--- TASK INSTRUCTIONS ---
Every line below between the one holding "布达佩斯 Graphisoft 公园景观设计丨匈牙利布达佩斯-17" and the one holding "Pot Drop Black Drop Pot – Plant Station", inclusive, should be copied exactly, and no other line.
Top of SUPPLIED ENTRIES
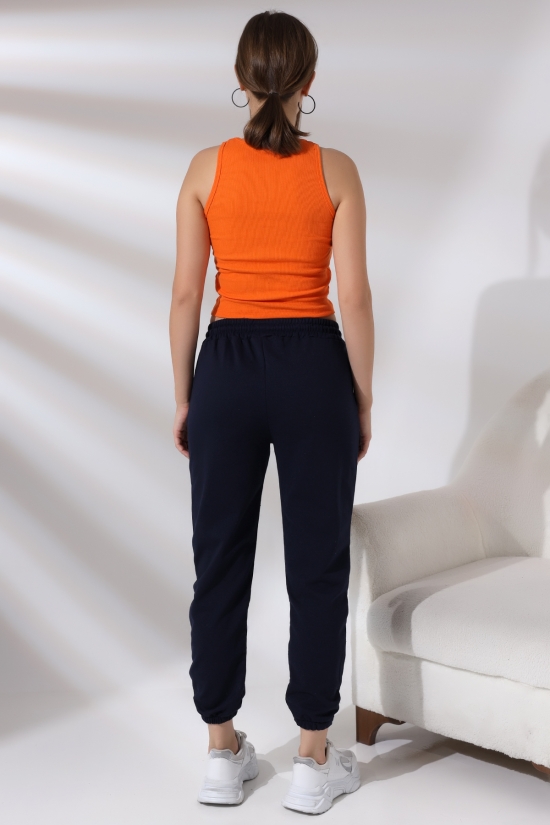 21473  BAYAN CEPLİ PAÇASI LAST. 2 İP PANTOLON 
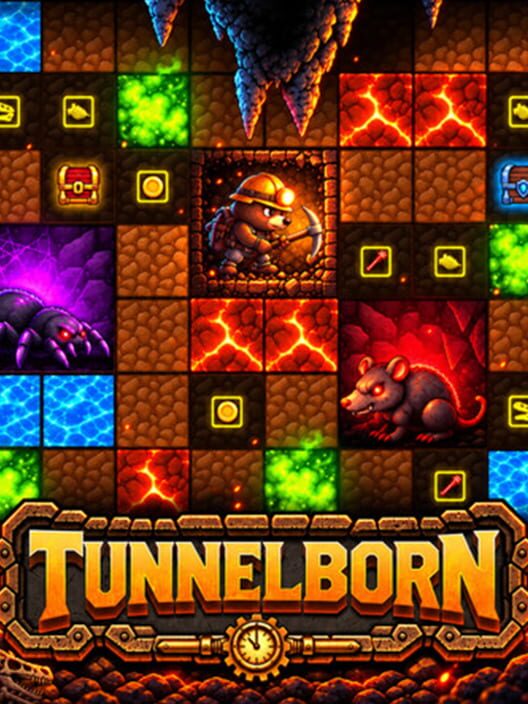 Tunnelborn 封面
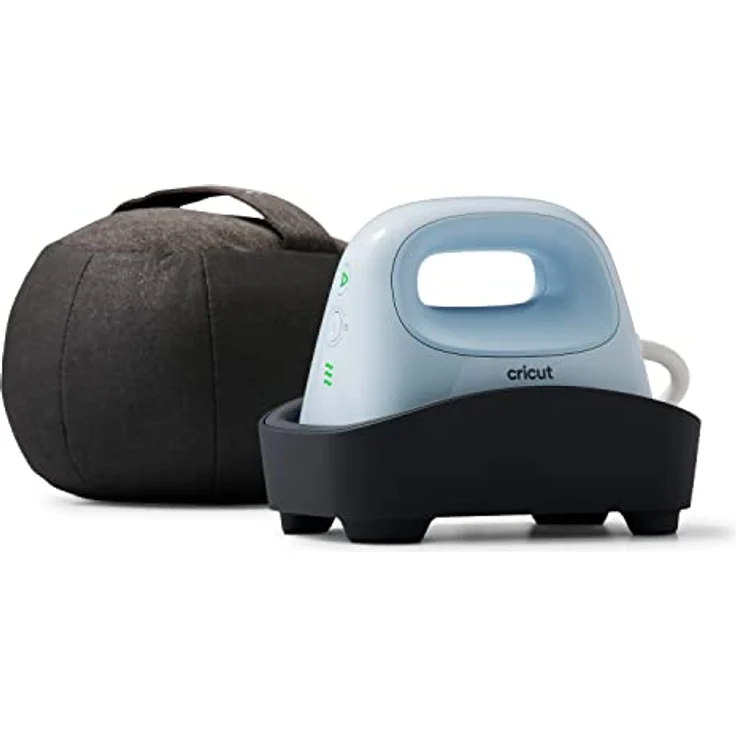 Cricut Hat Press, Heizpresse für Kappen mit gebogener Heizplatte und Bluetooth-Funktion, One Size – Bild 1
Bottom of SUPPLIED ENTRIES
Top of SUPPLIED ENTRIES
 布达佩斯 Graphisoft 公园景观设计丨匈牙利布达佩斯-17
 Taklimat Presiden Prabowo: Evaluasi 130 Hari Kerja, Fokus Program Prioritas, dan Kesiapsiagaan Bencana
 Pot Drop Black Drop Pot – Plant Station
Bottom of SUPPLIED ENTRIES
--- EXPECTED OUTPUT ---
 布达佩斯 Graphisoft 公园景观设计丨匈牙利布达佩斯-17
 Taklimat Presiden Prabowo: Evaluasi 130 Hari Kerja, Fokus Program Prioritas, dan Kesiapsiagaan Bencana
 Pot Drop Black Drop Pot – Plant Station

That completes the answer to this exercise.